The problem with tracks and artists that break the mold, is they are inevitably followed by copycats whose music appears solely inspired by the ground that was broken, and not at all driven by any sense of artistic craftsmanship. With that said, Jonas Friddle and the Majority enter with as fine an introduction as their premiere single, ‘Sugar Moon’ allows.

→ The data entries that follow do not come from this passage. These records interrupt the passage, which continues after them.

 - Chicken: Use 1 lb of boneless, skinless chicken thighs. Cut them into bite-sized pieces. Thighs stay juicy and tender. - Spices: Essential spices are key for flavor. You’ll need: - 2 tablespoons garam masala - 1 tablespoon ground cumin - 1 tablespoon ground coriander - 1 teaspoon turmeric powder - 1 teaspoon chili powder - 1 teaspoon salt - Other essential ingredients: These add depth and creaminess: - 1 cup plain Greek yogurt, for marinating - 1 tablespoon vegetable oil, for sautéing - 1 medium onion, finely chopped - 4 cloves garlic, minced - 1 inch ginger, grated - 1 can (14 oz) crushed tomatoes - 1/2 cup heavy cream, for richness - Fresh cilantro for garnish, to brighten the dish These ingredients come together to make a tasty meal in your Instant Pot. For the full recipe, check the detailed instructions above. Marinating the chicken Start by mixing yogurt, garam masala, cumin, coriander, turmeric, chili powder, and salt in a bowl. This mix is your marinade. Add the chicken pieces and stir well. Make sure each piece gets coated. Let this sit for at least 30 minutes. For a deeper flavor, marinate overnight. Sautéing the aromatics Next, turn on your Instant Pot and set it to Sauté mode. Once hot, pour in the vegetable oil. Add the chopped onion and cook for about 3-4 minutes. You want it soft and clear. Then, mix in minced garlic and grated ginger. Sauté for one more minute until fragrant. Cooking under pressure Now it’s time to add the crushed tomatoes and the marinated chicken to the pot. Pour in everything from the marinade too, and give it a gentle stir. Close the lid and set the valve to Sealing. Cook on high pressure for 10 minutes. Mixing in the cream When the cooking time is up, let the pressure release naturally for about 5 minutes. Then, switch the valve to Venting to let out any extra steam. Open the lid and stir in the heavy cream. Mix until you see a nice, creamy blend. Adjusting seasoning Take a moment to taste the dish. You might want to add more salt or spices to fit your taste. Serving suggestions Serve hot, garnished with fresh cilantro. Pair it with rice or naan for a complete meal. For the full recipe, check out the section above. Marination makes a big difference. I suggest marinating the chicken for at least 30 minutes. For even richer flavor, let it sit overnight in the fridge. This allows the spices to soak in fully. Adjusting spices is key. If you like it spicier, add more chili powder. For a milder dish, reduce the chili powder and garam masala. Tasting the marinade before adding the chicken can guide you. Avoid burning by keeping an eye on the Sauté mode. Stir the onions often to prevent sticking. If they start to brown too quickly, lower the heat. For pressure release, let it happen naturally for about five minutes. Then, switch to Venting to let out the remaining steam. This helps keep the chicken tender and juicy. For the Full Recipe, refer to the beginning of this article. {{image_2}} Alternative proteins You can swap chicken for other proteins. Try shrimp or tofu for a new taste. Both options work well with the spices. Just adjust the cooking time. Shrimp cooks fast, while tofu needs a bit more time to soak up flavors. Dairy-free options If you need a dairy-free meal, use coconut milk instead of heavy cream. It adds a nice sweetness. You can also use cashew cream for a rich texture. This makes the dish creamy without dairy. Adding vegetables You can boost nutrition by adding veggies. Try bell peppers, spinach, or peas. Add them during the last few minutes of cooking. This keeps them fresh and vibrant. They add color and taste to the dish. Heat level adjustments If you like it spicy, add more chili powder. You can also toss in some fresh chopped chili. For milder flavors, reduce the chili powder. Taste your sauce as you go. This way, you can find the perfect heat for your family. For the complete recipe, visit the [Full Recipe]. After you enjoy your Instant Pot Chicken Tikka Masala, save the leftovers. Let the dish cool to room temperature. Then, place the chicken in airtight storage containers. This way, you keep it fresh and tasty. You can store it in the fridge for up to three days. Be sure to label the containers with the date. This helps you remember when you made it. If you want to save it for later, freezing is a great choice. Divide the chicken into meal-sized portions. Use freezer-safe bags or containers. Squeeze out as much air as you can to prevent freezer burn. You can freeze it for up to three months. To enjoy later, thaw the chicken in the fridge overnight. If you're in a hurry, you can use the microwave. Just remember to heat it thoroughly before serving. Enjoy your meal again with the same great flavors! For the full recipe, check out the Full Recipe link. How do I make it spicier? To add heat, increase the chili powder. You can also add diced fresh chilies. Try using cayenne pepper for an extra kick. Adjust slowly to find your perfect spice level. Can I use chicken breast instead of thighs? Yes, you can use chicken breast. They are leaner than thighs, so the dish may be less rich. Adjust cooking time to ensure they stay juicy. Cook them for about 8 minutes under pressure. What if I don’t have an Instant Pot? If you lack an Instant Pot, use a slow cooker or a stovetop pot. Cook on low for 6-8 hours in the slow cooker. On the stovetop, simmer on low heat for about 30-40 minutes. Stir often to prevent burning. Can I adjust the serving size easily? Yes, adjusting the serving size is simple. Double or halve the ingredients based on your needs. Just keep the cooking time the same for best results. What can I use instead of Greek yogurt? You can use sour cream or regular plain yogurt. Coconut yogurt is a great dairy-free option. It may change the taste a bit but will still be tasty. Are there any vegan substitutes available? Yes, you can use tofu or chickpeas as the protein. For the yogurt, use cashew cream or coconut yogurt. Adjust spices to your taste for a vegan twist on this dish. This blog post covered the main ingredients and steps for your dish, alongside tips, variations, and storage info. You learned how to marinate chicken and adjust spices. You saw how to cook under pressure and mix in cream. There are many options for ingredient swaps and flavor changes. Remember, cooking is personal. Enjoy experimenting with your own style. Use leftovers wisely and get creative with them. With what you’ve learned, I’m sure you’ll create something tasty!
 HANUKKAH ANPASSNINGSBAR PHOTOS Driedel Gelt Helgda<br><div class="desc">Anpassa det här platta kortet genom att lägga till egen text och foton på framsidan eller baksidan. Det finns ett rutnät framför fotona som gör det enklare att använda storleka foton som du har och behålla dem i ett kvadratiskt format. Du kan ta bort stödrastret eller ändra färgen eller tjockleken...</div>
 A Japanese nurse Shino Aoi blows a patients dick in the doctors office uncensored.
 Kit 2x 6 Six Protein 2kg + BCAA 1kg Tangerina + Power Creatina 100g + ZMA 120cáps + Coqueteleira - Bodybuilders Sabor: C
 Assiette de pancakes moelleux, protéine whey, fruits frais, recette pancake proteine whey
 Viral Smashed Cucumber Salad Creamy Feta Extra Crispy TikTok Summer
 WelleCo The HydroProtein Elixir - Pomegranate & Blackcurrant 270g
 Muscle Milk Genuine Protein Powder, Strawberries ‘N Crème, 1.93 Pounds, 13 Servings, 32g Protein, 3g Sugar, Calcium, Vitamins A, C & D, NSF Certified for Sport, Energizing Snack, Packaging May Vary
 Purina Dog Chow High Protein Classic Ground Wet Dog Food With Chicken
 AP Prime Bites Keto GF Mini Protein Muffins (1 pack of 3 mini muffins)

Opening with an invariably familiar sound and a chant of “Hey hey”, Friddle appears to be attempting a resurrection of the endearing and catchy track made famous by The Lumineers. While it’s not a heinous act for any artist to be inspired by their musical predecessors, Friddle makes such little effort to use his inspiration and create his own sound, that ‘Sugar Moon’ instantly becomes rather grating. Accordingly, it comes as no surprise that the producer of this track, and Friddle’s album, was the same producer responsible for The Lumineers’ ‘Ho Hey’. This raises the question; who should be given the majority of responsibility for the abomination that is ‘Sugar Moon’? Friddle and his band, or their producer?
Setting the putrid sound of ‘Sugar Moon’ aside, one should make a consideration of the lyricism their next step on their journey through the track. In this, one might find more solace, thanks to the imagery therein. But this only goes so far. Indeed, there are some wonderful lines in the song, which suggest a certain amount of lyrical ability in the band’s songwriter. However, it seems, at times, as if the songwriter lacks the imaginative follow-through to fully develop the concept of a ‘Sugar Moon’. Inevitably, one can’t help but wonder who, or what, is being spoken about.
In the end, the band seems somewhat accurately named. This song is a forgettable attempt to resurrect success of the past, and at most, its irritatingly faux pleasantry might accompany one on the tannoy of their local supermarket, on their Sunday grocery shopping.